# The Black Wolf



## Brindle (Aug 30, 2009)

OK, so it's not going to win a Pulitzer, but at least it comes from the heart. Wrote this this morning sitting by the ocean....



There's a black wolf in the forest
Standing behind that tree
I think I saw him yesterday
I think he's waiting for me

He's always in the shadows
He's been there all along.
And in my quiet moments
I can hear him sing this song,

"Everything is replaceable
Everyone interchangeable
Nothing you can say or do
Will keep the black wolf from your throat."

I've tried to shake him off my tail
I've tried to hide my scent
When you said that we're forever
Did you realize what that meant?

My mind is all twisted up inside
My soul burning to be free
This body is a cruel joke
That someone's played on me

Everything is replaceable
Everyone interchangeable
Nothing I can say or do
Will keep the black wolf from my throat

He's getting so much closer now
I can feel his hot, sweet breath
And I am just so tired of running
That I sit down to wait for death

He steps into the clearing
I meet his gaze with head held high
When I finally feel his jaws around me
I no longer care the reasons why

Everything is replaceable
Everyone interchangeable
Nothing I want to say or do
To keep the black wolf from my throat.

8/30/09


----------



## TheKyleIsHere (Aug 30, 2009)

Wrong section there, sir -__Q


----------



## Brindle (Aug 30, 2009)

then move it

or delete it

I don't care


----------



## Tanzenlicht (Aug 31, 2009)

Technically it doesn't specify visual artists, but writers do tend to stay in their bloq.
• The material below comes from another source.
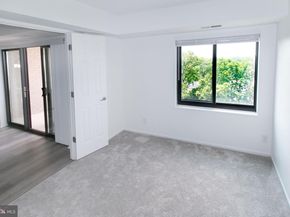 307 Yoakum Parkway 1024, Alexandria VA 22304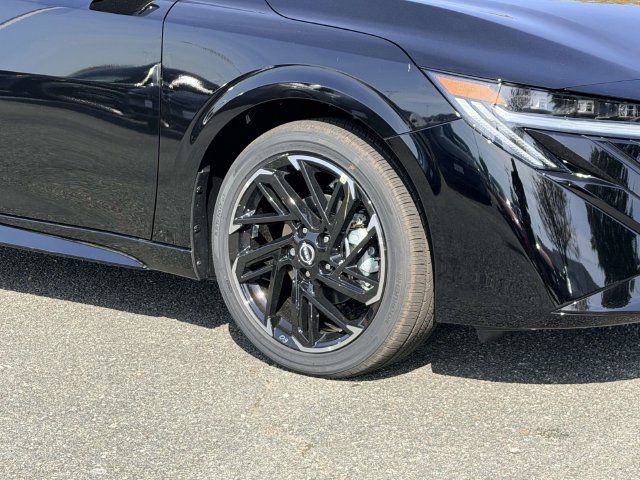 New 2027 Nissan Sentra SR w/ Floor Mat Package FWD image 7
I thought for sure this was going to be about the sheer number of people with a black wolf fursona wandering around the requests area asking for free art.  This is also the wrong section for that.


----------



## CrazyWolfGuy (Sep 1, 2009)

*pukes*

It sounds really good ;3


----------



## Alekz (Sep 13, 2009)

Very well written, with excellent imagery.  Reminds me a bit of 1984 where halfway through you know how it's gonna end, but you keep reading and hope that you're wrong.  Then you aren't wrong and you feel sad, which I'm sure is part of the point.


----------